§ Task details: Quote word for word the lines below, beginning with the first and ending with the one that has "Vargøy legger til havn". Drop the pictures.

──────── Given information

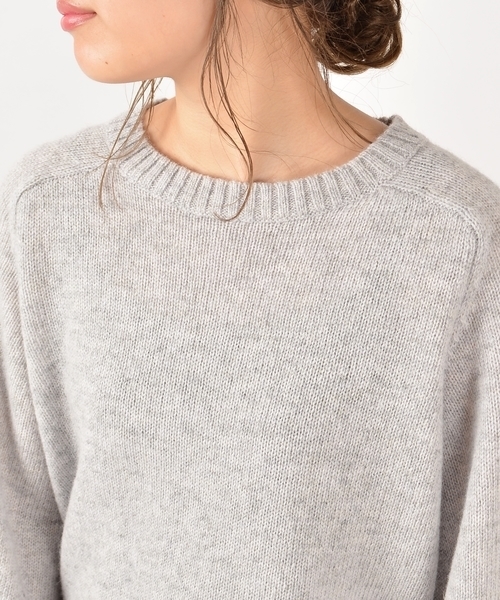 SHIPS BLUESTORE（シップスブルーストア）の「SHIPS BLUESTORE:ベーシック カラーシェットクルーネックニット◇（ニット/セーター・レディース・ライトグレー/レッド/オレンジ/ブルー/グリーン/ダークグレー・ONE SIZE）」の10枚目の写真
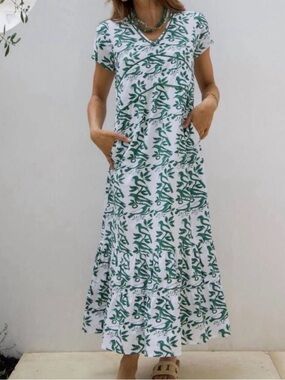 NWT Ex Voto The Meg Green Floral Maxi Dress Size Large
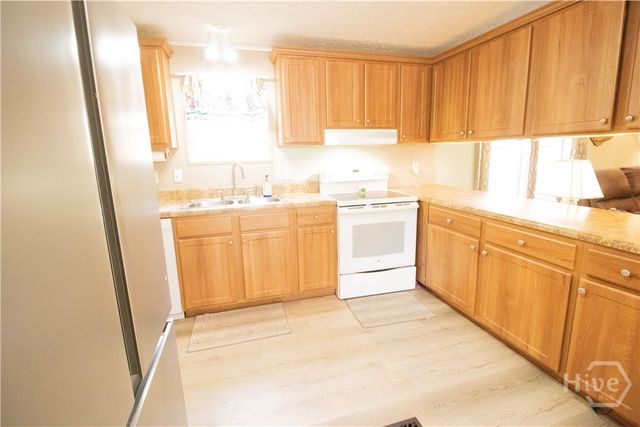 2879 Seed Tick Road, Ellabell, GA 31308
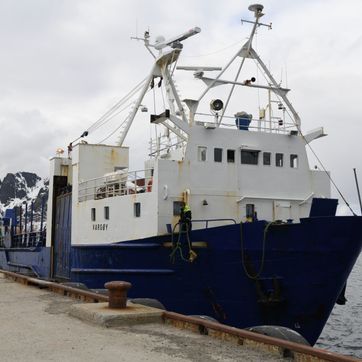 Vargøy legger til havn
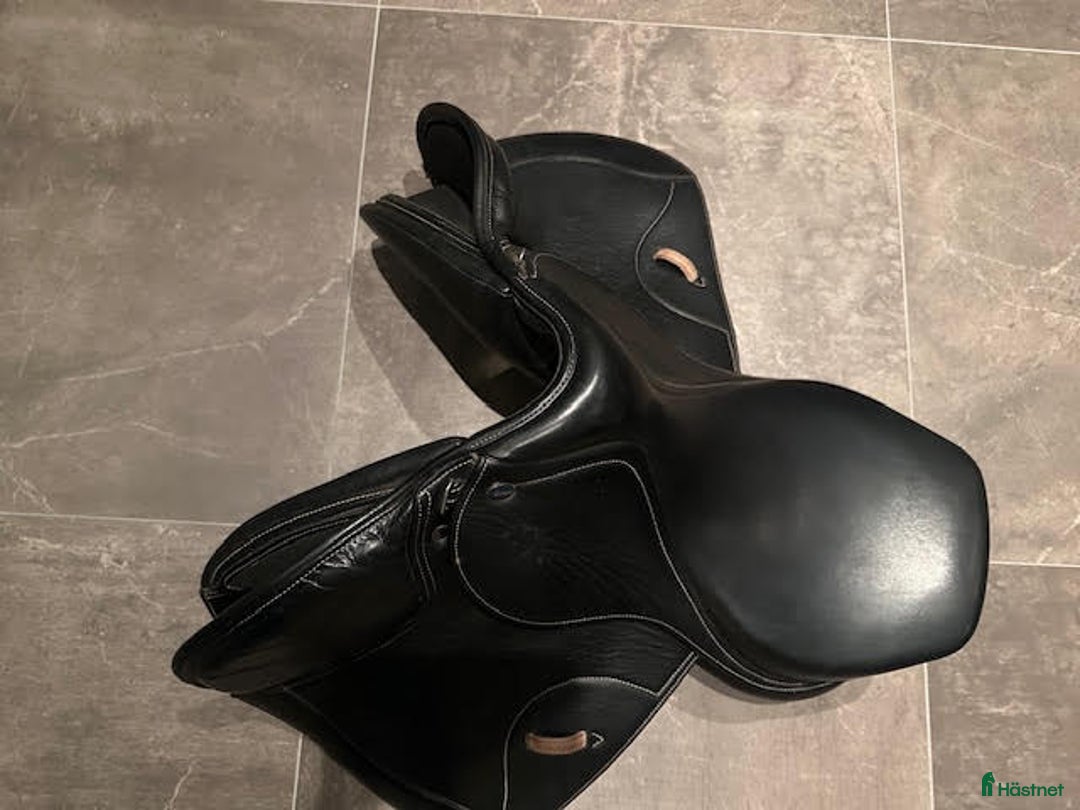 Övrig Ryttarutrustning ryttarutrustning till salu: Sadel - Ikonic "Light" Jumping för Pony i Kode - Annons 1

────────────────

§ Response area:
 SHIPS BLUESTORE（シップスブルーストア）の「SHIPS BLUESTORE:ベーシック カラーシェットクルーネックニット◇（ニット/セーター・レディース・ライトグレー/レッド/オレンジ/ブルー/グリーン/ダークグレー・ONE SIZE）」の10枚目の写真
 NWT Ex Voto The Meg Green Floral Maxi Dress Size Large
 2879 Seed Tick Road, Ellabell, GA 31308
 Vargøy legger til havn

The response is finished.